When the maker’s (or fixer’s) activity is immediately situated within a community of use, it can be enlivened by this kind of direct perception. Then the social character of his work isn’t separate from its internal or “engineering” standards; the work is improved through relationships with others. It may even be the case that what those standards are, what perfection consists of, is something that comes to light only through these iterated exchanges with others who use the product, as well as other craftsmen in the same trade. Through work that has this social character, some shared conception of the good is lit up, and becomes concrete. (p.187)

So, for Crawford, clear standards are important both for a worker’s sense of progress and a shared concept of good. And, despite his phrasing in the first quote above, he seems to indicate that what’s important is not that these standards are truly “objective,” but that they are anchored by the context of a particular community or situation.

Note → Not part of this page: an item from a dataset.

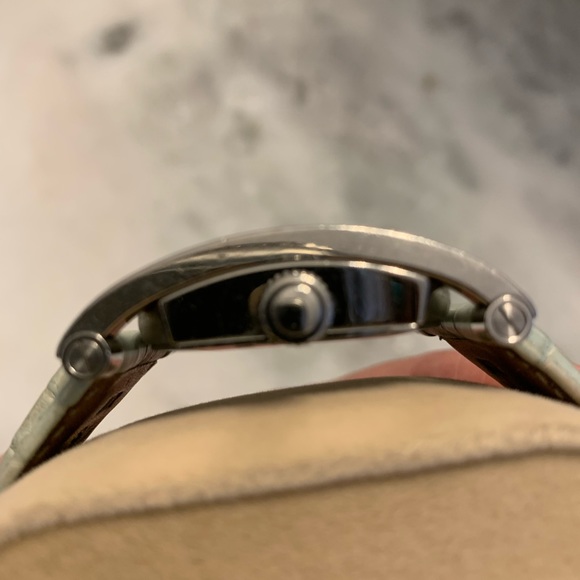 Bvlgari Womens Assioma SS Mother of Pearl Lt Blue leather with pave diamonds - Picture 7 of 10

I was struck by this discussion in the book because, at heart, Crawford is posing the philosophical question: What is good? When we design things, we have to ask ourselves the same question. Are we making good design? What does “good design” mean?

Like Crawford’s initial line of inquiry, one examination of what makes good design would debate the dichotomy of objective and subjective standards. There can be a lot to unpack in such a debate, but I have usually found both of these extremes as unsatisfactory in one way or another.

But the idea of a good that emerges out of a community of use and practice is a different framing that seems more meaningful to me. If we can accept design as a movement through communal and cultural change, then good design doesn’t happen when a designer is done with it, it can only become good through a continual shared exchange with a particular community mediated through the objects that have been designed.